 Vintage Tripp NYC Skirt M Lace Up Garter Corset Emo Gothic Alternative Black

==

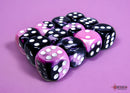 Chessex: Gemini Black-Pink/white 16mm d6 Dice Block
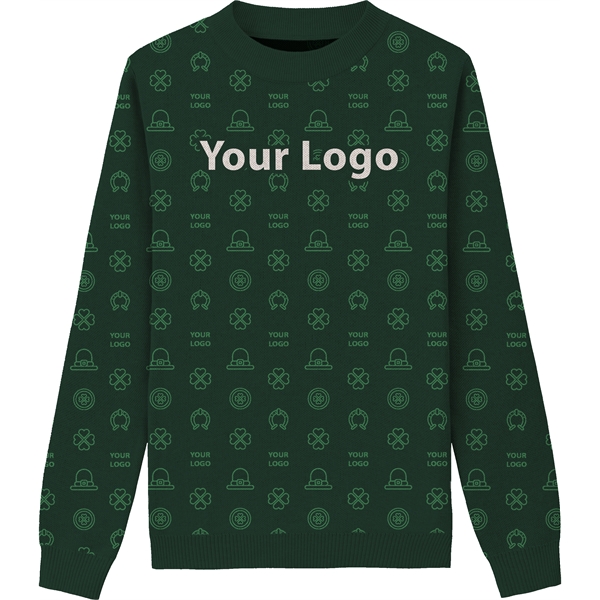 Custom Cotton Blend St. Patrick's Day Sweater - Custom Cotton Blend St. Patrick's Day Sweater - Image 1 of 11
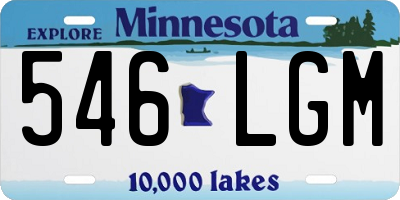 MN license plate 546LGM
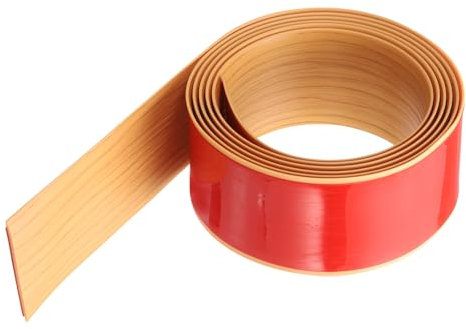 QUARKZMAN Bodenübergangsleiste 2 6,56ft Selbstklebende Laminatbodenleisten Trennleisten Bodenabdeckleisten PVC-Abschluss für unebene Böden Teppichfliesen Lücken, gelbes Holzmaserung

→ What the exercise asks:
The answer is the lines above from the one with "Custom Cotton Blend St. Patrick's Day Sweater - Custom" to the one with "QUARKZMAN Bodenübergangsleiste 2", set down exactly, with no pictures.

→ Answer to the problem:
 Custom Cotton Blend St. Patrick's Day Sweater - Custom Cotton Blend St. Patrick's Day Sweater - Image 1 of 11
 MN license plate 546LGM
 QUARKZMAN Bodenübergangsleiste 2 6,56ft Selbstklebende Laminatbodenleisten Trennleisten Bodenabdeckleisten PVC-Abschluss für unebene Böden Teppichfliesen Lücken, gelbes Holzmaserung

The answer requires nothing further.